On pe, 20 touko 2022, Leo O via FreeIPA-users wrote:
Hello Alexander,
oh that's a pity. I would have expected that there are at least some notes, maybe some technical explanations about such general things, anything which helps to speed up the process and not making a newcomer having to read the source code. I mean, it looks like FreeIPA isn't a small project, it is used by Red Hat IDM, somewhere in Fedora and as community FreeIPA. I really expected more than an almost non existing documentation and/ or really outdated pdfs. What can you do with the best application of the world if "nobody knows how to set it up for their needs" to exagerate that statement a bit ;) Hope there are plans to improve on that in the near future, I would say that's more important than new features. Lot's of tests and documentation for the win. Anyways, thanks for the quick reply, I still think this is a great software package which could reach way more projects, teams, businesses, github stars etc. with just having a better documentation.

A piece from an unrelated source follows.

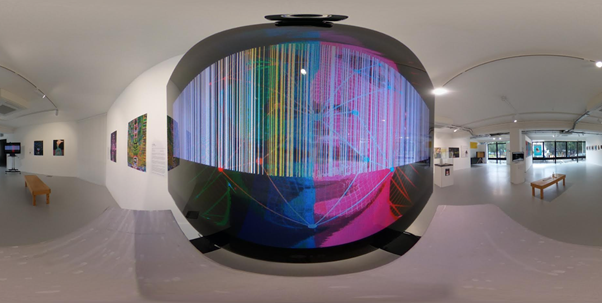360 gallery view with distorted screen in centre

There is no such thing as 'just having a better documentation' for what is effectively a development process. One needs to understand that one and reading source code is the best way to do that right now. There are plenty of comments in ipalib/*, ipapython/*, ipaserver/plugins/* and in related places, code and git commit messages are the developer documentation at this point. Documentation writers aren't developers themselves, with very little exceptions, and cannot replace developers in writing that knowledge base.
There is always a balance between fixing bugs and working full time on producing a documentation you are asking for. Having large number of customer- and community-driven deployments sometimes skews priorities towards more realistic tasks.
You are welcome to contribute to developer documentation as you go through a journey to discover how to extend IPA. It certainly will be beneficial to everyone.